Would you transcribe the entries below, beginning at the line with "Menschen jubeln nachts" and ending after the line with "an empty room", exactly, with no picture and nothing more?

··· Information

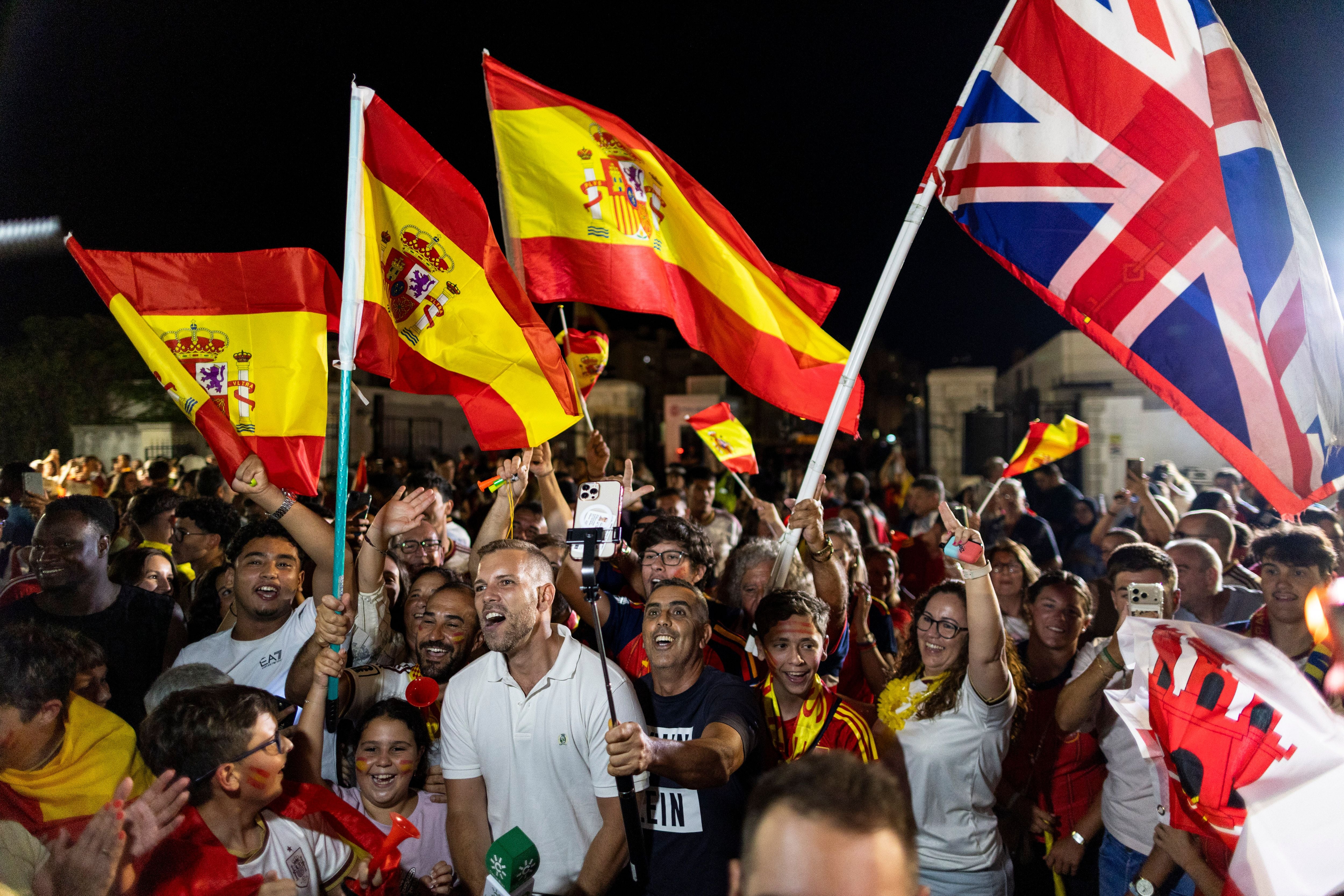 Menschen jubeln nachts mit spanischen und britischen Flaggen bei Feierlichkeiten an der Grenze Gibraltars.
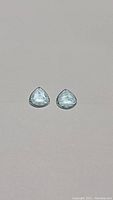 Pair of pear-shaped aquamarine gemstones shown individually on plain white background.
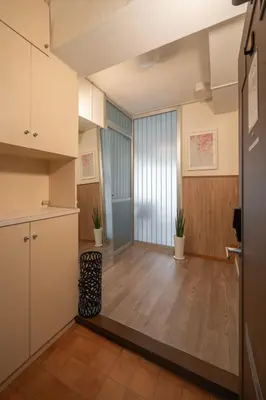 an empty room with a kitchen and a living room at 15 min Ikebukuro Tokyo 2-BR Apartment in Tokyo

······
··· Information

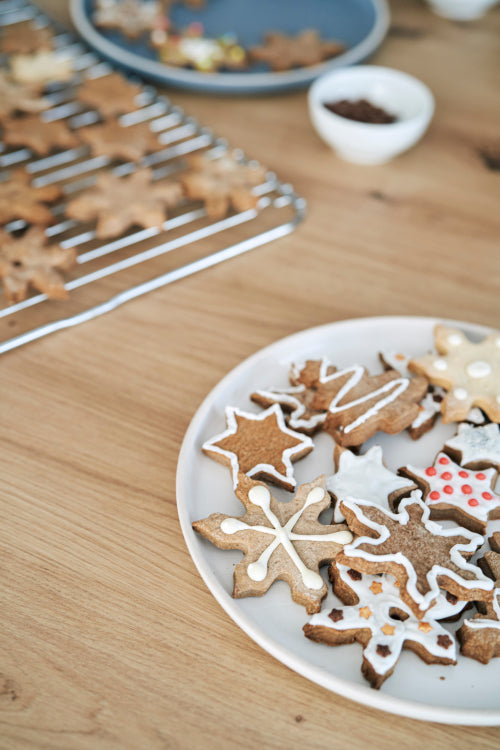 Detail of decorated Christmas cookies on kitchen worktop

······
··· Information

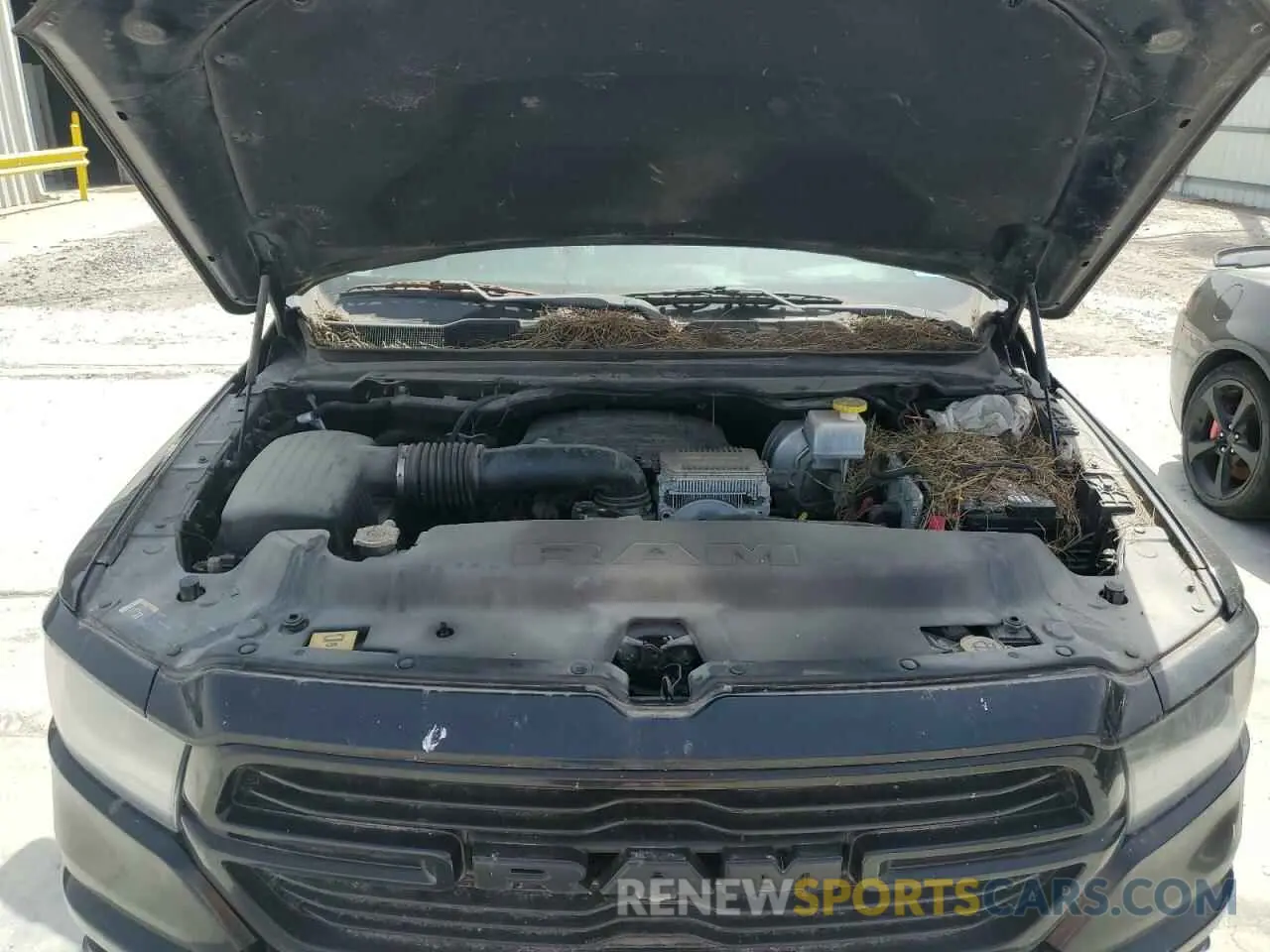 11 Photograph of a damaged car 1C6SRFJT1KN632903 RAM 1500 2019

······

Answer section
 Menschen jubeln nachts mit spanischen und britischen Flaggen bei Feierlichkeiten an der Grenze Gibraltars.
 Pair of pear-shaped aquamarine gemstones shown individually on plain white background.
 an empty room with a kitchen and a living room at 15 min Ikebukuro Tokyo 2-BR Apartment in Tokyo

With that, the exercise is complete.